Condensation Transition in Polydisperse Hard Rods

TL;DR

This paper investigates a stochastic model of polydisperse hard rods, revealing a condensation transition where a macroscopic aggregate forms beyond a critical density, linking mass transport models with polydisperse fluid behavior.

Contribution

It introduces a factorized steady state for a mass transport model of polydisperse rods, connecting stochastic dynamics with thermodynamic minimization and demonstrating a condensation transition for p>1.

Findings

Condensation transition occurs for p>1.

A macroscopic aggregate coexists with a critical fluid phase.

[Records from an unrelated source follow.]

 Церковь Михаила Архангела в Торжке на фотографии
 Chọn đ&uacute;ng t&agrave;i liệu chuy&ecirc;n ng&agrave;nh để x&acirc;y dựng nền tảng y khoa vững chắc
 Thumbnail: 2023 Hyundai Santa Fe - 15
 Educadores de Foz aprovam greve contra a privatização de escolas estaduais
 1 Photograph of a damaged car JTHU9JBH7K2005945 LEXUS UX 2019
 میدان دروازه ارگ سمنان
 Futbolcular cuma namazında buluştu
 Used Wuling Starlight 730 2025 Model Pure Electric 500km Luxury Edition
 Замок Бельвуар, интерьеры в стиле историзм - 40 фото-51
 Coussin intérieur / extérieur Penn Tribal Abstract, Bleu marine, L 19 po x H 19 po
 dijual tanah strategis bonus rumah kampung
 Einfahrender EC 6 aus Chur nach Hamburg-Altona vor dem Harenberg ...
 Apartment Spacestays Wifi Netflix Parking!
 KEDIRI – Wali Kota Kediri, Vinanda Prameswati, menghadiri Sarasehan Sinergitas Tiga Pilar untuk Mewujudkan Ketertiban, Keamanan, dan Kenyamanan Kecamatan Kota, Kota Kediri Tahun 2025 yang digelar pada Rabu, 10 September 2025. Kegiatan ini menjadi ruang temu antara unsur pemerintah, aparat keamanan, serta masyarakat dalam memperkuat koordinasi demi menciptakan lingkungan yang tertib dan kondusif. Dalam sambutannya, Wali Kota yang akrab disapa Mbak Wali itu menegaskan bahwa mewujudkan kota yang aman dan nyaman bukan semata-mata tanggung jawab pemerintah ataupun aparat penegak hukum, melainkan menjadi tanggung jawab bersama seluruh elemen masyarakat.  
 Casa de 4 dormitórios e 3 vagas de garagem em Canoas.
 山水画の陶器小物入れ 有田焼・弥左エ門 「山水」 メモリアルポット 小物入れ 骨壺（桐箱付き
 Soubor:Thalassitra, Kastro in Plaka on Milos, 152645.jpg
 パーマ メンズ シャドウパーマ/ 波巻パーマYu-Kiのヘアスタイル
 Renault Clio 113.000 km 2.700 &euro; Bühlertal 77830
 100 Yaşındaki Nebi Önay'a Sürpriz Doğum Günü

Steady state distribution aligns with free energy minimization.

Abstract

We study a mass transport model, where spherical particles diffusing on a ring can stochastically exchange volume $v$, with the constraint of a fixed total volume $V=\sum_{i=1}^N v_i$, $N$ being the total number of particles. The particles, referred to as $p$-spheres, have a linear size that behaves as $v_i^{1/p}$ and our model thus represents a gas of polydisperse hard rods with variable diameters $v_i^{1/p}$. We show that our model admits a factorized steady state distribution which provides the size distribution that minimizes the free energy of a polydisperse hard rod system, under the constraints of fixed $N$ and $V$. Complementary approaches (explicit construction of the steady state distribution on the one hand ; density functional theory on the other hand) completely and consistently specify the behaviour of the system. A real space condensation transition is shown to take place for $p>1$: beyond a critical density a macroscopic aggregate is formed and coexists with a critical fluid phase. Our work establishes the bridge between stochastic mass transport approaches and the optimal polydispersity of hard sphere fluids studied in previous articles.